• [PROBLEM]: The line containing "2024 Topps Chrome", plus every line that follows it to the end of the listing below, is what you transcribe exactly; omit all pictures.

• [ENTRIES SHOWN]:

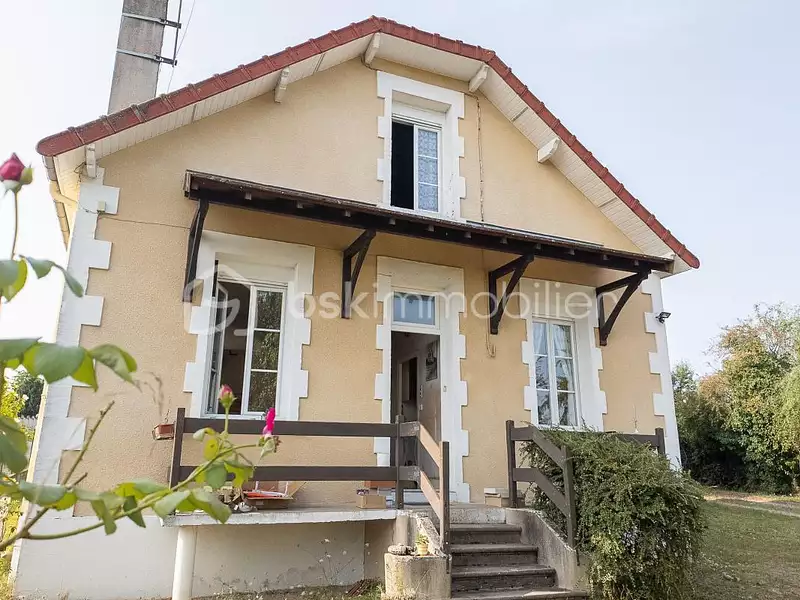 Maison, 108 m²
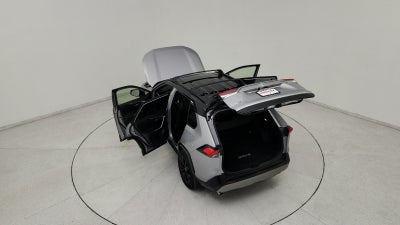 2025 Toyota RAV4 Hybrid XSE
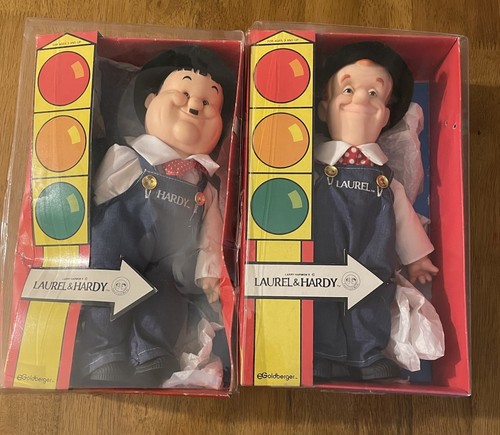 Goldberger laurel hardy - laurel,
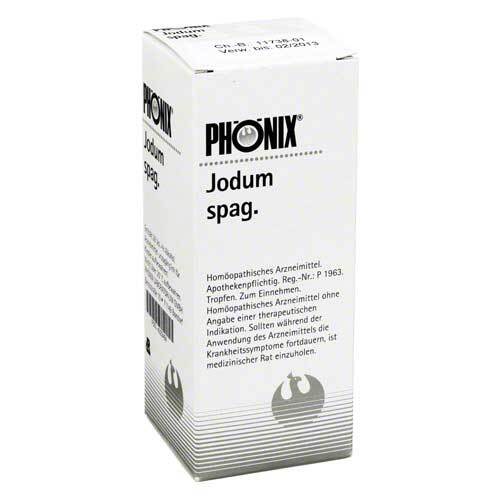 Ph&ouml;nix Jodum spag.Mischung - 1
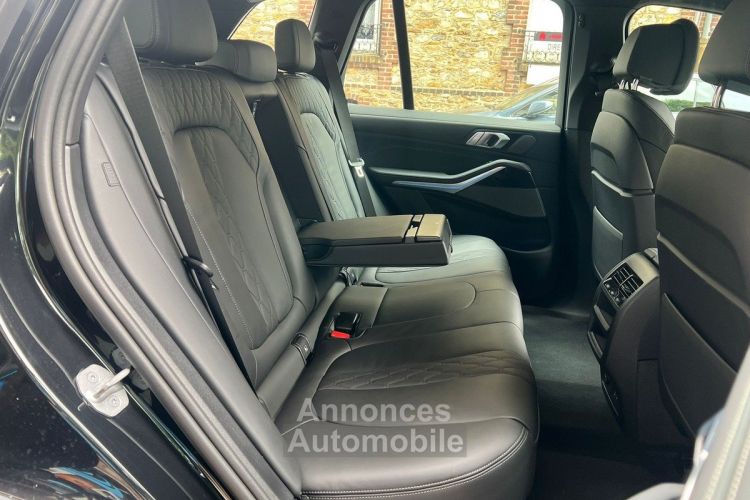 BMW X5 (G05) XDRIVE50E 489 M SPORT BVA8 - <small></small> 91.990 € <small>TTC</small> - #8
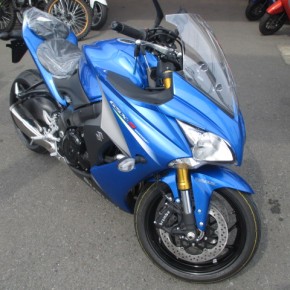 スズキ　GSX-S1000F 入荷しました！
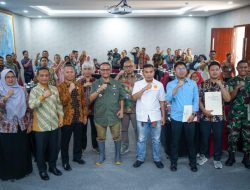 Rapat Koordinasi TPID Kabupaten Subang: Optimalisasi Pangan dan Pengendalian Inflasi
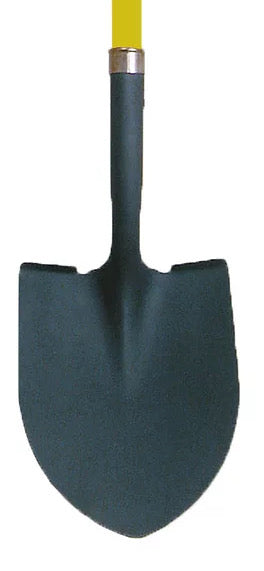 Shovel- Round Point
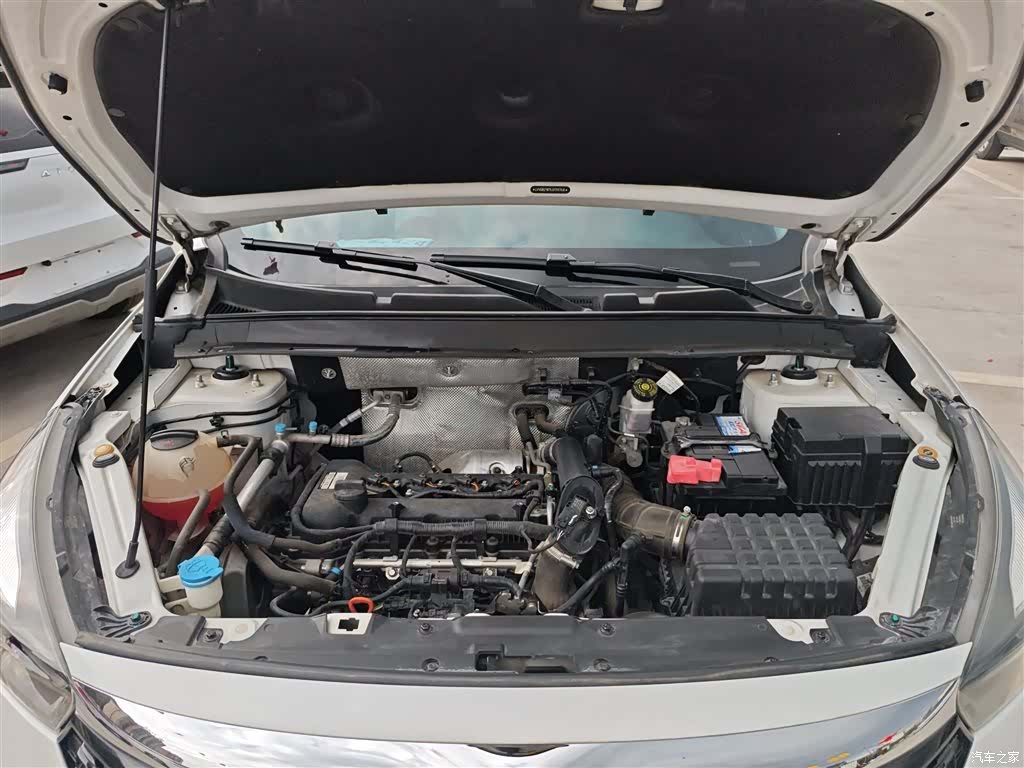 Chery Tiggo 7, 2021 20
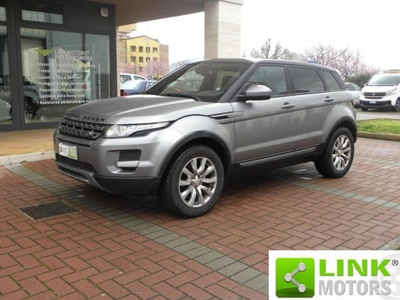 LAND ROVER RR Evoque 1ª serie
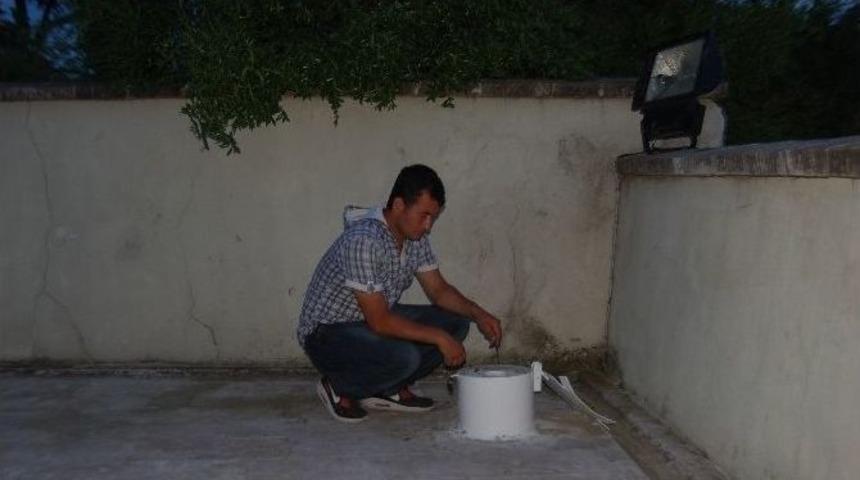 İftar Topu Geleneği S&uuml;r&uuml;yor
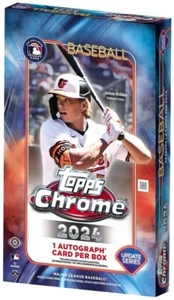 2024 Topps Chrome UPDATE -  ROOKIES Base  X-Fractors  Refractors  Raywave  Prism - Picture 1 of 173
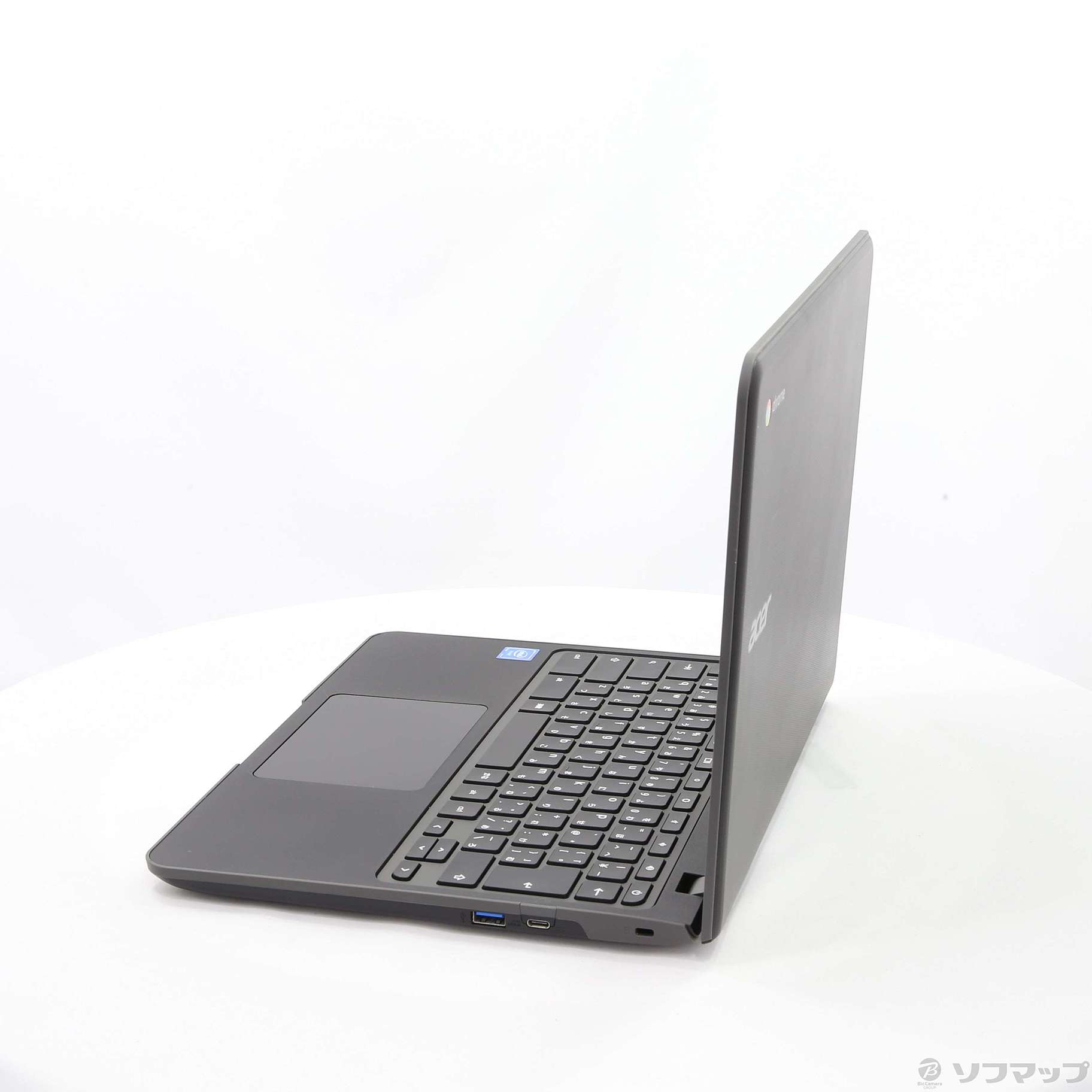 中古】Chromebook 512 C851T-H14N シェールブラック [2133033672222 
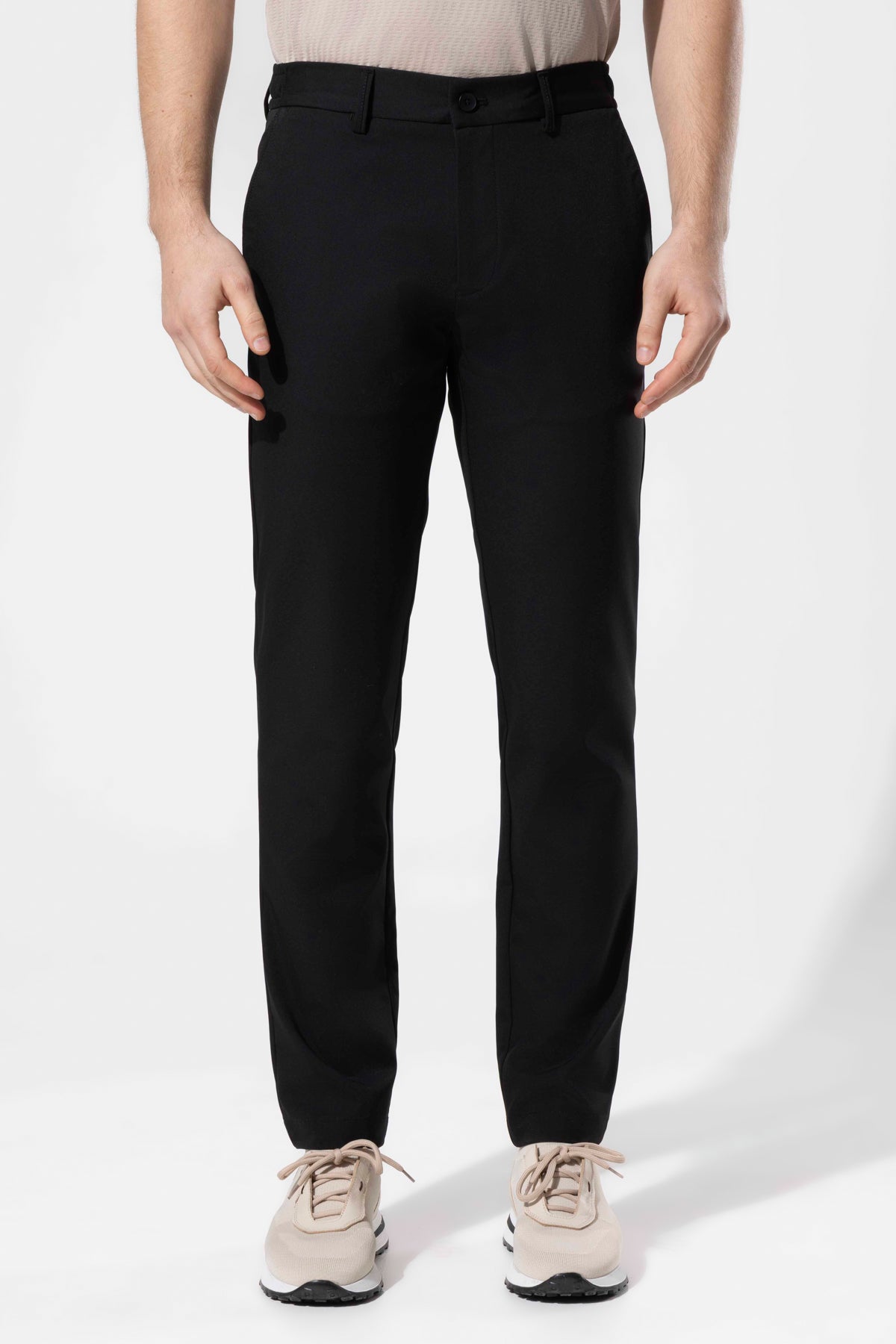 MODERN FIT TROUSERS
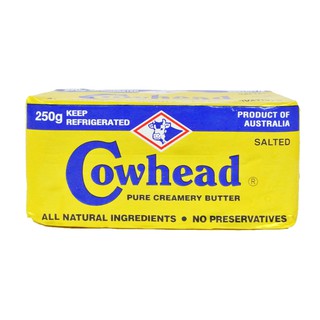 Cowhead Block Butter 250g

• [ANSWER TO THIS EXERCISE]:
 2024 Topps Chrome UPDATE -  ROOKIES Base  X-Fractors  Refractors  Raywave  Prism - Picture 1 of 173
 中古】Chromebook 512 C851T-H14N シェールブラック [2133033672222 
 MODERN FIT TROUSERS
 Cowhead Block Butter 250g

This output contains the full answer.